Mad Men é o exemplo mais fácil quando o assunto é tabaco. É, se quisermos, o cliché óbvio, a associação esperada. Mas Mad Men não estava assim tão longe da realidade, mesmo a que estava fora das agências de publicidade. Até meados dos anos 70, nos Estados Unidos, e, mais tarde, um pouco por todo o mundo, era permitido fumar em todo o lado: cafés, restaurantes, lojas, mini mercados, centros comerciais, cabeleireiros, hospitais, escolas… A lista é infinita e, hoje, parece-nos tão improvável como algo saído de um filme… ou de uma série. Muitos de nós ainda se lembram desses “velhos tempos” em que os apresentadores de televisão se levantavam para apagar um cigarro num cinzeiro que estava por perto, ou de como os pivots dos noticiários se apresentavam de cigarro em riste, como se fosse um acessório mais — como se fosse uma gravata, ou um botão de punho.

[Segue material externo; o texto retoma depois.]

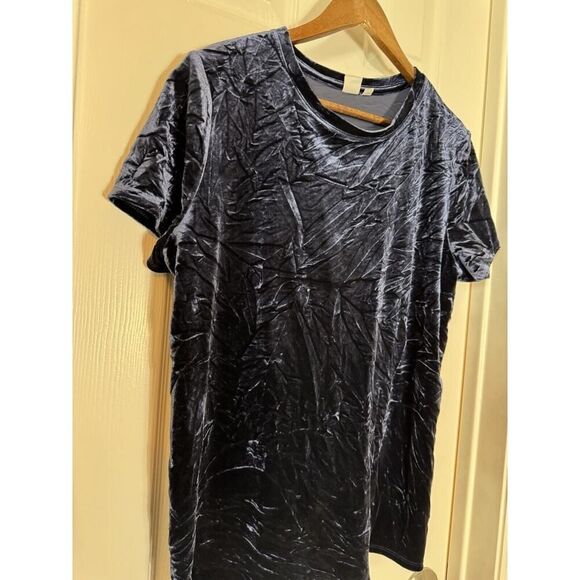 GAP Blue Velvetcore‎ Round Neck Top Whimsical Vintage Insp. Clean Girl L Or XL - Picture 3 of 5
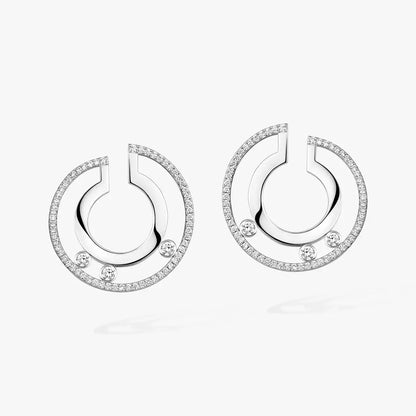 [Clover Jewelry]Move Romane Small Diamond Hoop Earrings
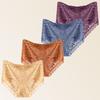 FINETOO 4Pcs Women Mid Rise Floral Lace Underpants Soft Skin-Friendly Breathable Panties High Stretch Seamless Ladies Daily Wear Briefs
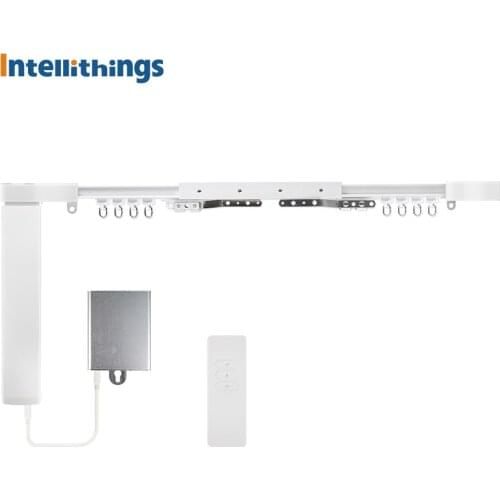Intellithings Smart Slide Motor Tuya Zigbee Customized Curtain Track with Battery Timer Alexa Google Home Remote Control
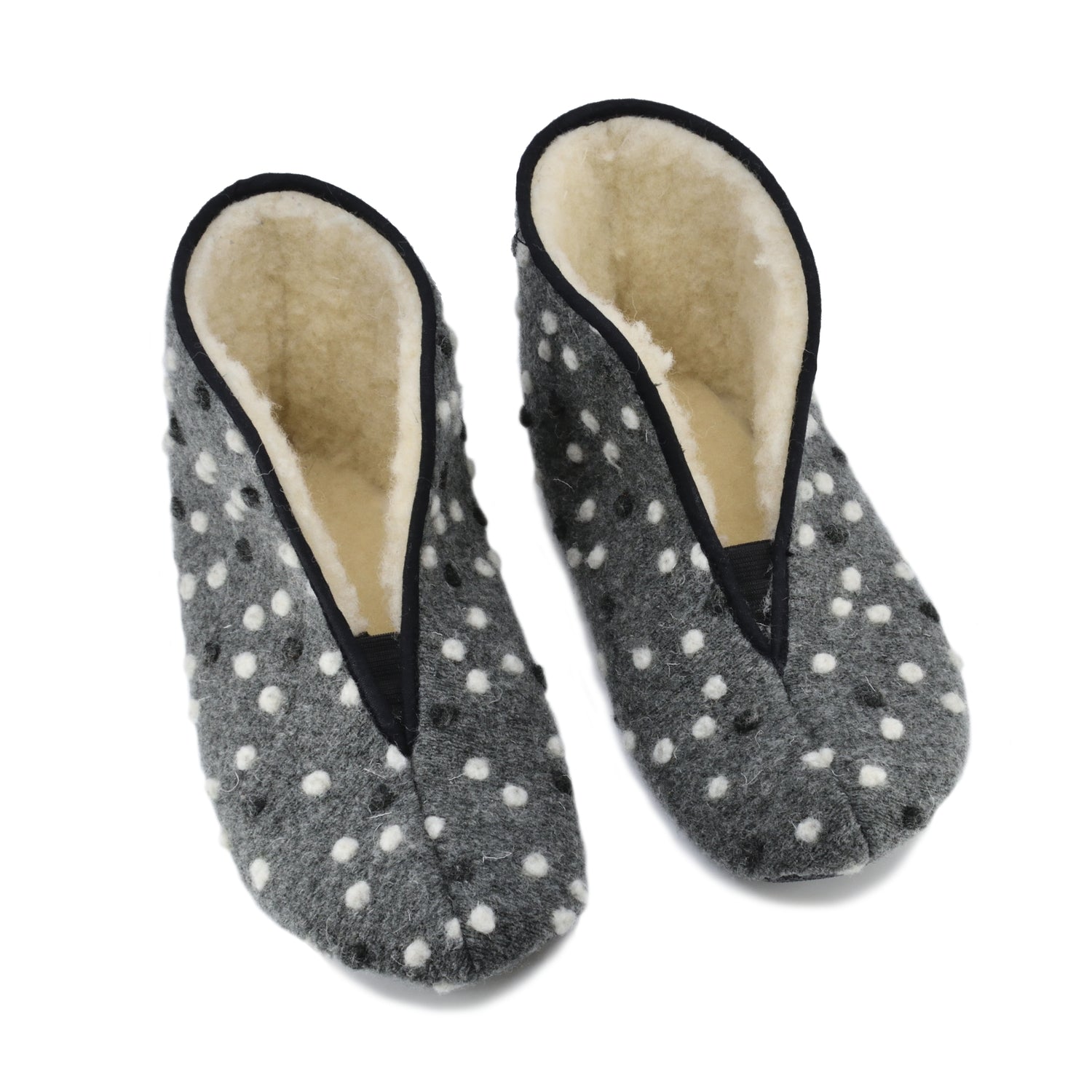 Omaking - Trolla Grey Dots - zapatillas de casa barefoot de lana-Oma King-Cacles Barefoot-Tienda de calzado barefoot respetuoso minimalista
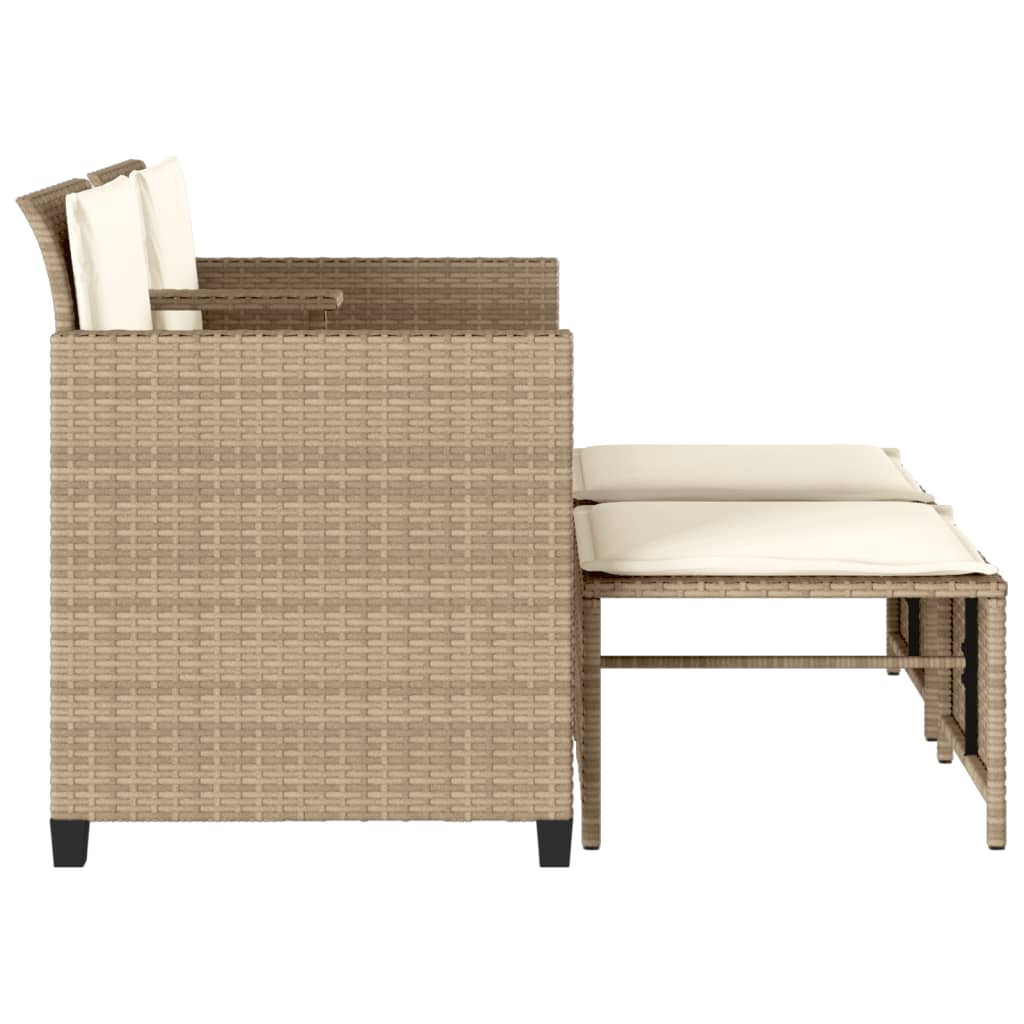 Gartensofa 2-Sitzer mit Tisch und Hockern Beige Poly Rattan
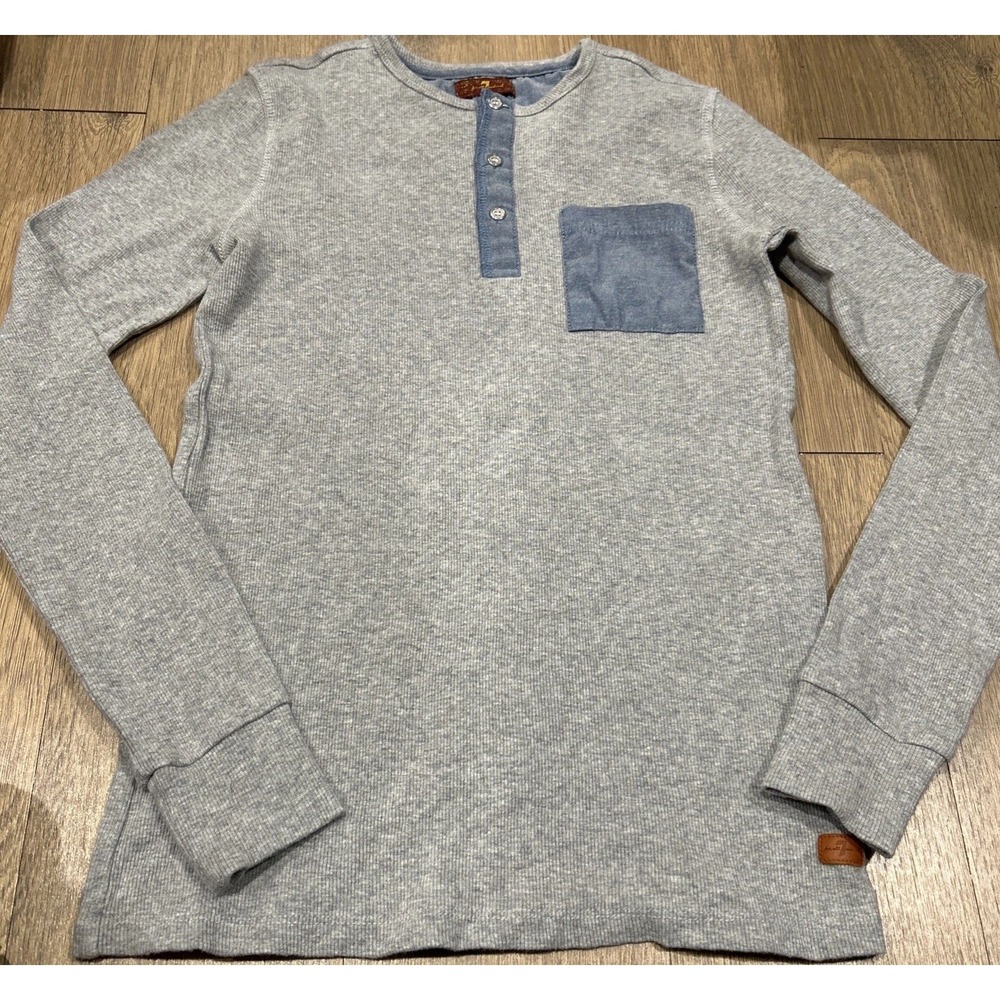 7 For All Mankind Gray Waffle Knit Henley Long Sleeve Shirt Sz S indie grunge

Durante décadas, fumar foi um ato associado a algo “cool”, ou a algo que transmitia “glamour”, muito pela influência do cinema, que desde cedo adotou os cigarros como um prop extra nos filmes, e só quando estudos começaram a comprovar as consequências nefastas do ato é que vários governos decidiram impor restrições tanto à venda como ao consumo do tabaco. Em Portugal, foi em janeiro de 2008 que entrou em vigor a chamada “Lei do Tabaco”, aprovada meses antes, que veio mudar, para sempre, os hábitos sociais, e comportamentais, dos portugueses. A partir daí, fumar passou a ser proibido em espaços públicos fechados, uma mudança gradual provocada, acima de tudo, por questões de saúde pública, e também com a consciência de que era necessário respeitar os desejos, e as liberdades, dos outros, os não fumadores. Apesar de ter sofrido, de início, alguma resistência, a lei foi bem aceite, de forma geral, pela população. E se hoje, nós fumadores, temos saudades da altura em que podíamos acender um cigarro em qualquer lugar, também temos consciência de que agora, se o continuamos a fazer, nos sítios próprios para o efeito, é por nossa conta e risco, sem prejudicar terceiros. Não existem “os bons velhos tempos”, o futuro é agora, e pertence a todos nós — os que continuam a preferir o vício (mau, nocivo, eventualmente fatal) e os que nunca o tiveram, ou que já lhe viraram costas.

Tudo pode ser permitido, menos o respeito pela vontade de quem está ao nosso lado. Desculpa, Marlboro, até eu, que te sou fiel, tenho plena noção disso.